┏━━
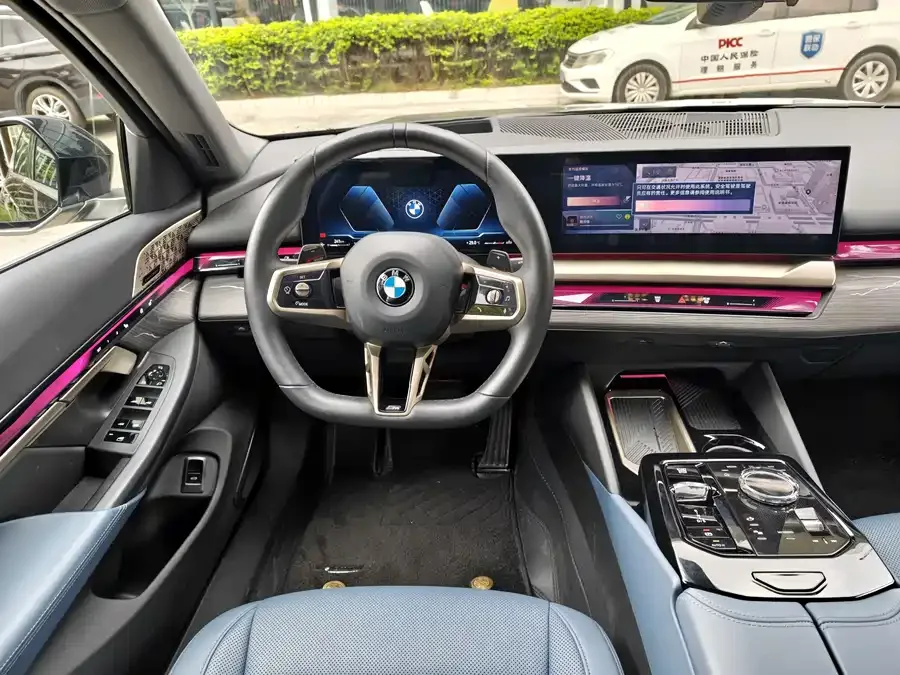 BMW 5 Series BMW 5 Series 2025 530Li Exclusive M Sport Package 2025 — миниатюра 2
┗━━
┏━━
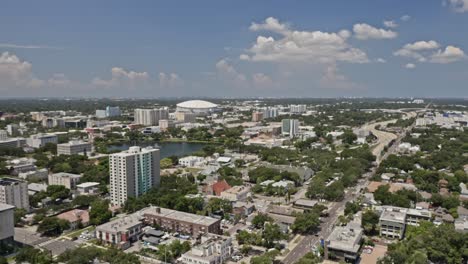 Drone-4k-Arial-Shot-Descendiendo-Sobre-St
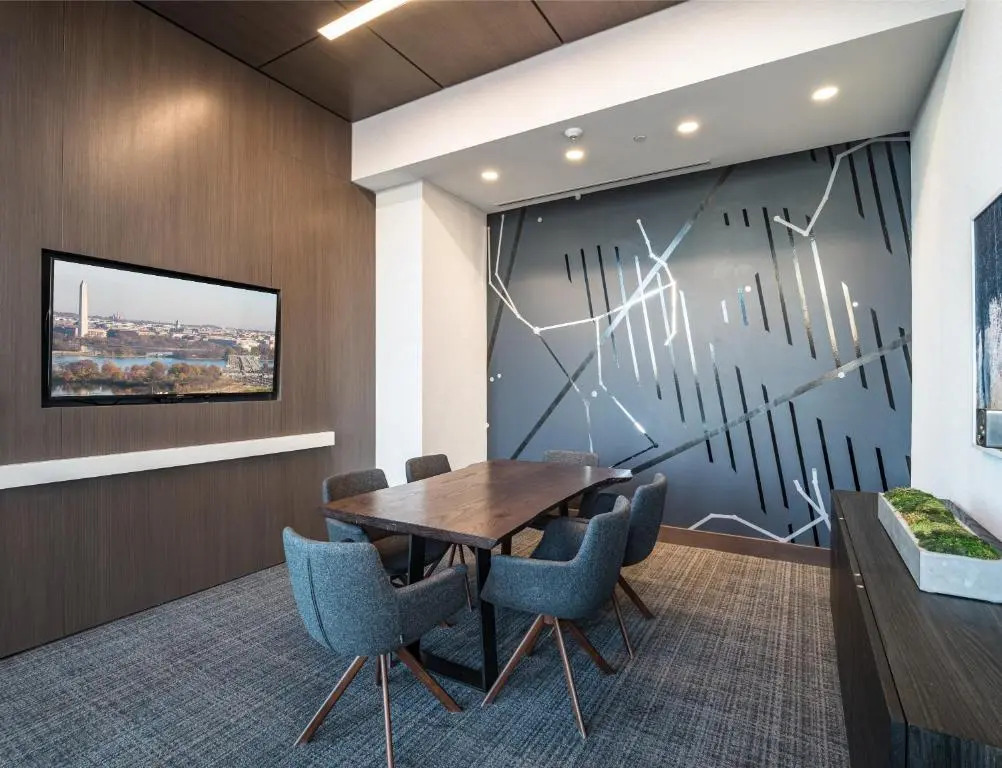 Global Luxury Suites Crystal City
┗━━
◆ **WHAT IS NEEDED**:
Copy exactly the lines of the entries above from the one containing "Drone-4k-Arial-Shot-Descendiendo-Sobre-St" through the one containing "Global Luxury Suites Crystal City". Both end lines count; pictures do not.

◆ **OUTPUT OF THE TASK**:
 Drone-4k-Arial-Shot-Descendiendo-Sobre-St
 Global Luxury Suites Crystal City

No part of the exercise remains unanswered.